**WHAT TO WORK ON**
Word for word and without images, reproduce the listing that follows.

**DATA EXTRACT**
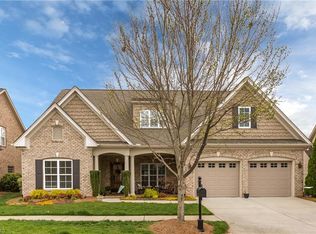 5539 Foxgate Cir, Winston Salem, NC 27106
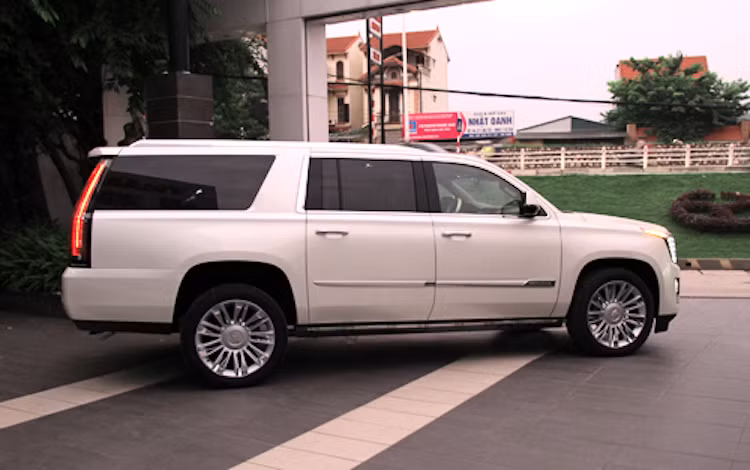 Đương nhiên, một chiếc xe ở đẳng cấp như Cadillac Escalade ESV Platinum sẽ không thể thiếu được các công nghệ hỗ trợ an toàn hiện đại nhất. Với những gì mà Escalade ESV Platinum đem lại, nó hoàn toàn xứng đáng với mức giá khởi điểm lên tới 92.300 USD ở Mỹ.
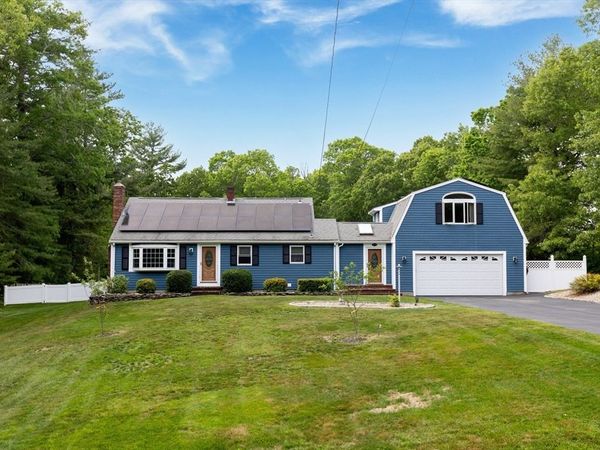 244-244A Holmes St, Halifax, MA 02338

**TASK ANSWER**
 5539 Foxgate Cir, Winston Salem, NC 27106
 Đương nhiên, một chiếc xe ở đẳng cấp như Cadillac Escalade ESV Platinum sẽ không thể thiếu được các công nghệ hỗ trợ an toàn hiện đại nhất. Với những gì mà Escalade ESV Platinum đem lại, nó hoàn toàn xứng đáng với mức giá khởi điểm lên tới 92.300 USD ở Mỹ.
 244-244A Holmes St, Halifax, MA 02338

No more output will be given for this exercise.